# What is the most common & universal type format for an audio CD?



## Rob1960 (Mar 26, 2007)

What is the most common & universal type format for an audio CD? I made a music CD in MP3 format which will play fine in my car, but won't play in a friend's home DVD-CD player.

I need to choose a format that will play in most situations.

thanks, Robt


----------



## stantley (May 22, 2005)

The term Audio CD generally refers to commercial CD's and to homemade ones that are just like the commercial ones and there is only one format. They're the most universal because they'll play on older CD players as well as new.

The most universal compressed format is Mp3 and the newer CD players will play both Audio CD's and Mp3 CD's. Mp3's can be made with a Constant Bit Rate (CBR) or Variable Bit Rate (VBR). Most players will play both, but some can only play CBR. So a CBR Mp3 CD would be the most universal of the compressed format.
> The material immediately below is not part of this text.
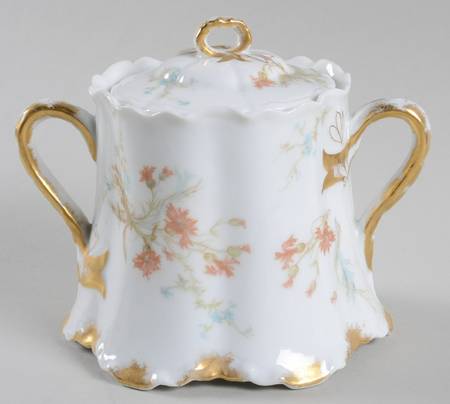 St. Lazare Sugar Bowl & Lid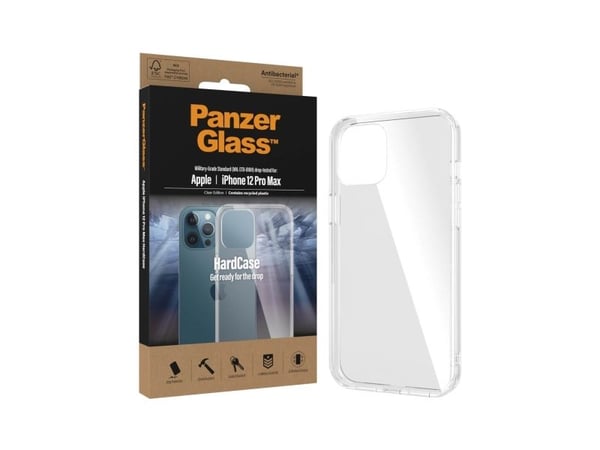 PanzerGlass 0425, Suojus, Apple, Apple - iPhone 12 Pro Max, Läpinäkyvä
If you want to play CD's on your friends DVD-CD player you'll have to make the basic Audio CD's.


----------



## Couriant (Mar 26, 2002)

Note that using Audio CD for the burn option will limit on how much songs you will have. (usually around 14, compared to about 100 on an MP3 disc)


----------



## MysticEyes (Mar 30, 2002)

> What is the most common & universal type format for an *audio CD*


There is only one.

_An audio CD consists of one or more stereo tracks stored using 16-bit PCM coding at a sampling rate of 44.1 kHz. Standard CDs have a diameter of 120 mm and can hold approximately 80 minutes of audio. _

Your mp3 disc is a DATA disc.


----------